Hai-Lan Lian, Ji-Xue You* and Zhi-Na Lian

Wheat straw pulp was mechanochemically processed in a PFI mill in order to improve the effect of laccase/xylanase system (LXS) treatment before bleaching. The delignification and bleachability of the prepared pulp were investigated. The delignification of the prepared pulp could be enhanced with the mechanochemical processing (refining) and LXS treatment. The delignification was increased by 29.8% with refining 7000 revolutions and 5 IU/g enzyme dosage. The LXS treatment after the mechanochemical process could save 28.6% effective usage of chlorine in the subsequent hypochlorite bleaching process, compared with the traditional bio-bleaching. The crystallinity of cellulose was increased by the co-treatment with mechanochemistry and LXS treatment. This result was further supported by the observations from SEM. This co-treatment with mechanochemistry and bio-treatment enhanced the delignification and bleachability of pulp.
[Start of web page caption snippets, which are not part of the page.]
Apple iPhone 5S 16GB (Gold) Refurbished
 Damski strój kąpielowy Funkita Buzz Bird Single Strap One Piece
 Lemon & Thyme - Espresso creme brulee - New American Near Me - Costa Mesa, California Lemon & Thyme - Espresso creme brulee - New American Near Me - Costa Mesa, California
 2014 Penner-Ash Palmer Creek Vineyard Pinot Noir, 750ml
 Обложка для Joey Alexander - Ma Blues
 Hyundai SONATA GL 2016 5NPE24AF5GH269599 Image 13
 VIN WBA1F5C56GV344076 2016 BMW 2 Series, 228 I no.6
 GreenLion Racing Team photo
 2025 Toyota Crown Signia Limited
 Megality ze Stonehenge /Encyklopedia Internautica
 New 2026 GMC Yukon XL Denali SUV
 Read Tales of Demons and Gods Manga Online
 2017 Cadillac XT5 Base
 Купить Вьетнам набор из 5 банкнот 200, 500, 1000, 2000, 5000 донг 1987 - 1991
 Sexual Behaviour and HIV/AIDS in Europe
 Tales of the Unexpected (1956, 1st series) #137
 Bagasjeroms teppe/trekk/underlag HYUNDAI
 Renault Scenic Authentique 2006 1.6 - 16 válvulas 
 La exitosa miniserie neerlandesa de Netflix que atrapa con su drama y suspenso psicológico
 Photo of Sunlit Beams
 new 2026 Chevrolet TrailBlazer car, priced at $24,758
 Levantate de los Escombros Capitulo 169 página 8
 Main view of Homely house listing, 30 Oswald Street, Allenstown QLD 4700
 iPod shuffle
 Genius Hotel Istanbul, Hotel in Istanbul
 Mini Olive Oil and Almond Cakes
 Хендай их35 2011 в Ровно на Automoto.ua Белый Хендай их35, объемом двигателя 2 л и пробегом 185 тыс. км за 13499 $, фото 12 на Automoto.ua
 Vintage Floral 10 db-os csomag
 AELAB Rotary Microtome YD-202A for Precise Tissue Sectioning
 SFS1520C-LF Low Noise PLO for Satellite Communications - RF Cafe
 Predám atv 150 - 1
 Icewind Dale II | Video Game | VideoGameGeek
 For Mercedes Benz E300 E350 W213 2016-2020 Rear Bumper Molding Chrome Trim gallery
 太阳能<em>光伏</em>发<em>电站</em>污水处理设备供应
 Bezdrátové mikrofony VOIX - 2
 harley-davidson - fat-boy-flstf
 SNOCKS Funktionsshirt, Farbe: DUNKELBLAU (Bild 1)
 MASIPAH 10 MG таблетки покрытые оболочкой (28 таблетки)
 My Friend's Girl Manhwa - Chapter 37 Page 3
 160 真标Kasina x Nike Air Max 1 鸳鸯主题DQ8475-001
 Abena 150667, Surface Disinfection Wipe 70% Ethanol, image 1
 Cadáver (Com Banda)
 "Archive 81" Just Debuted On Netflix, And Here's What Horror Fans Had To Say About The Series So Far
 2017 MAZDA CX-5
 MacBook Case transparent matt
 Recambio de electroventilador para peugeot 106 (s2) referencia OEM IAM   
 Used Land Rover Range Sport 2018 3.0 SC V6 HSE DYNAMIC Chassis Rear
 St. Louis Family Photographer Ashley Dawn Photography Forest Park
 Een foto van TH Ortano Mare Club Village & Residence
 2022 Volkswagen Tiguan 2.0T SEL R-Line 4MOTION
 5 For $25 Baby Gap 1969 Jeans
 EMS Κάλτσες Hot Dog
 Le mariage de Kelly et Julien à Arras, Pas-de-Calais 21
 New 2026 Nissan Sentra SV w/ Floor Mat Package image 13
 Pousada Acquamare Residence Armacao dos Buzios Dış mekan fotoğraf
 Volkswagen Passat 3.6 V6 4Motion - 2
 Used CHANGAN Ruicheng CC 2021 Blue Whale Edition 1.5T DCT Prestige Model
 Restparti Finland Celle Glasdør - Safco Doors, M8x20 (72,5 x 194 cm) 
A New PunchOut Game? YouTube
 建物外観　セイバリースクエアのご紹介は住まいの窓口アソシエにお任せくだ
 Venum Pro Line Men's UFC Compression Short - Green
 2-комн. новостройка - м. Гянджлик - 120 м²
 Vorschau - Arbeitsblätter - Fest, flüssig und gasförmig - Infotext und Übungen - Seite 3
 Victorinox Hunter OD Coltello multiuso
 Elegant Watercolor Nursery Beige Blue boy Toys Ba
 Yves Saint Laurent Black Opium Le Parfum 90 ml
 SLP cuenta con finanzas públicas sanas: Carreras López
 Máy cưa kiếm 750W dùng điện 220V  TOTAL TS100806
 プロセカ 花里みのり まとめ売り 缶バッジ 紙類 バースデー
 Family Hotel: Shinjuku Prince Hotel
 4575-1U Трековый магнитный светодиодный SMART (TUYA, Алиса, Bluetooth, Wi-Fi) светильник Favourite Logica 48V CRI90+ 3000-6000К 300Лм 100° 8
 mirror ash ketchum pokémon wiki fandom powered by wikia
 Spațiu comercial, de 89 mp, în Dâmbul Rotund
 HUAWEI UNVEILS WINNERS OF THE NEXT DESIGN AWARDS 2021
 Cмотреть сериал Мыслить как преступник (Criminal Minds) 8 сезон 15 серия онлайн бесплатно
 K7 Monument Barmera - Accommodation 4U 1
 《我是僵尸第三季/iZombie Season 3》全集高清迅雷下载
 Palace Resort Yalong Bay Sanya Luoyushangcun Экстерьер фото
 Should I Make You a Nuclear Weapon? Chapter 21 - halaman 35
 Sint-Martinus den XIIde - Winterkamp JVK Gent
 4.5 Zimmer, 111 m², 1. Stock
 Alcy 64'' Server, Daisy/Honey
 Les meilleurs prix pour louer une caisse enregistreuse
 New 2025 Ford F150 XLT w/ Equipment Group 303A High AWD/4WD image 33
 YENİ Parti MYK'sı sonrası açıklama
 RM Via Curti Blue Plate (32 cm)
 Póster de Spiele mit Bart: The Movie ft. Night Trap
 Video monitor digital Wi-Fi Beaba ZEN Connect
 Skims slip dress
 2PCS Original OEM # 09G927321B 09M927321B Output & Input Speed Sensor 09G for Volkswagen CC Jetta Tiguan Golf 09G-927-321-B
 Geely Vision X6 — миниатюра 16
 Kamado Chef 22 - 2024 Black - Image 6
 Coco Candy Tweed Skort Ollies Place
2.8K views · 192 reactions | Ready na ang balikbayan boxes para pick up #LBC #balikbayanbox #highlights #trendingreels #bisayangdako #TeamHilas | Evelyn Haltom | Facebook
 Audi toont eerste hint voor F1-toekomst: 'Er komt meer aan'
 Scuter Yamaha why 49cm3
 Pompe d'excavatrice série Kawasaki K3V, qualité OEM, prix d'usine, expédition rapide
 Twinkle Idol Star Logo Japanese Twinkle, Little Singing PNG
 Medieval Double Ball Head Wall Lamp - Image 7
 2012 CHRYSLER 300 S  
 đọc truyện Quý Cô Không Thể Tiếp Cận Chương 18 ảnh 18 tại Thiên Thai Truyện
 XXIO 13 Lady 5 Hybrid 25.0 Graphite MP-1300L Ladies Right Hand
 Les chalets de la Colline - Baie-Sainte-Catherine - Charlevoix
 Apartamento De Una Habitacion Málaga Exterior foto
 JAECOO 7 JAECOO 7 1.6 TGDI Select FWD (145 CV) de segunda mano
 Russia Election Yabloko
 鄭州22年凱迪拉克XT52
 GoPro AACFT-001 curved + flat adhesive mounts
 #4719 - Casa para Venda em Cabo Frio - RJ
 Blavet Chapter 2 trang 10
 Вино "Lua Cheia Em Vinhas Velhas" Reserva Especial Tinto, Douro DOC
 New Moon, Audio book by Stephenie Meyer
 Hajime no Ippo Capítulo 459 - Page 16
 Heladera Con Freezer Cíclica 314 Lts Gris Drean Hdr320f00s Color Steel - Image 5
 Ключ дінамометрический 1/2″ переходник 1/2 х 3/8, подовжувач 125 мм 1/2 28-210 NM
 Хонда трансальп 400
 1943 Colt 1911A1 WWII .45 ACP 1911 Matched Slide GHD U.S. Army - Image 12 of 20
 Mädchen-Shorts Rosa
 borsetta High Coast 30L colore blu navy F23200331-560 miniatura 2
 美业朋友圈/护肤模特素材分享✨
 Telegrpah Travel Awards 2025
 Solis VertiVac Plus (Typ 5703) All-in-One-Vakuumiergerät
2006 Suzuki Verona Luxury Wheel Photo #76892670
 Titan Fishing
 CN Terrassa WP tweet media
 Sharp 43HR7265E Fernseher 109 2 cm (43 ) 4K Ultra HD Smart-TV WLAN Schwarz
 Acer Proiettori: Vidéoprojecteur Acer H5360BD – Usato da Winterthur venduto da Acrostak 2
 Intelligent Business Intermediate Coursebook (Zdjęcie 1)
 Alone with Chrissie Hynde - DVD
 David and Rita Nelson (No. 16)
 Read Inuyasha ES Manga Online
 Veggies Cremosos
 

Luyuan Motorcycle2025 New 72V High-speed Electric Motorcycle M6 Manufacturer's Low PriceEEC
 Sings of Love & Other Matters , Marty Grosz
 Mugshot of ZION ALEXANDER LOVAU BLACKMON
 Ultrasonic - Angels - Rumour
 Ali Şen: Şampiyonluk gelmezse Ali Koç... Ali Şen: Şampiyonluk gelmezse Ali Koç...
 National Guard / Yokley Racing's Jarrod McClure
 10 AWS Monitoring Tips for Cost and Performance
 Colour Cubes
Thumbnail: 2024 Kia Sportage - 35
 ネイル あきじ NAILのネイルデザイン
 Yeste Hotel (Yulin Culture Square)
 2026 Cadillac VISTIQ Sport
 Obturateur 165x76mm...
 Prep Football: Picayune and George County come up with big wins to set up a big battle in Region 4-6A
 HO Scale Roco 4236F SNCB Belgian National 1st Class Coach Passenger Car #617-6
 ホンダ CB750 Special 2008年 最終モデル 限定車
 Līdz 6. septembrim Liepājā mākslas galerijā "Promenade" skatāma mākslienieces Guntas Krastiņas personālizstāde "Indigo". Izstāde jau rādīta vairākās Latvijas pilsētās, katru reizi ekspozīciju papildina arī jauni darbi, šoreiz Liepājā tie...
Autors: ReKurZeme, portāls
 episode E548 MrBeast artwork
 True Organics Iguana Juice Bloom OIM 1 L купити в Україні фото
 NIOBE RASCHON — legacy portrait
Keywords: Mechanochemistry; Laccase/xylanase system; Refining; Biobleaching

Contact information: College of Wood Science and Technology, Jiangsu Province Key Lab of Pulp and Paper Science and Technology, Nanjing Forestry University, Nanjing 210037, China,

*Correspondence author: doctorlian71@yahoo.com.cn

INTRODUCTION

China possesses a large variety of non-wood-fiber raw materials (Zhan et al. 2008). The utilization of non-wood fiber species is an effective way to solve the shortage of raw fiber materials in the paper industry. At present, chlorine and hypochlorite are still being used as pulp bleaching agents to produce bleached pulp in some of the non-wood fiber mills. The bleaching effluent contains large quantities of organic chloride, resulting in serious pollution, biological toxicity, mutagenesis, and carcinogens. It is known that bio-bleaching technology can reduce chemical agents in the subsequent bleaching process, decrease environment pollution, and improve pulp properties (Jacobs et al. 1998; Senior and Hamilton 1992; Clark et al. 1991; You et al. 2003). Delignification with laccase/mediator system (LMS) has been widely studied as a pre-bleaching stage. However, the requirement for an expensive mediator precludes it from practical application. The previous research of our team had demonstrated that laccase/xylanase system (LXS) from white-rot fungus (Lentinus lepideus) had the same ability to delignify as the laccase/mediator system (LMS) (You et al. 2008, 2009a,b). But the combined approach involving both mechanical refining and LXS treatment has not been investigated.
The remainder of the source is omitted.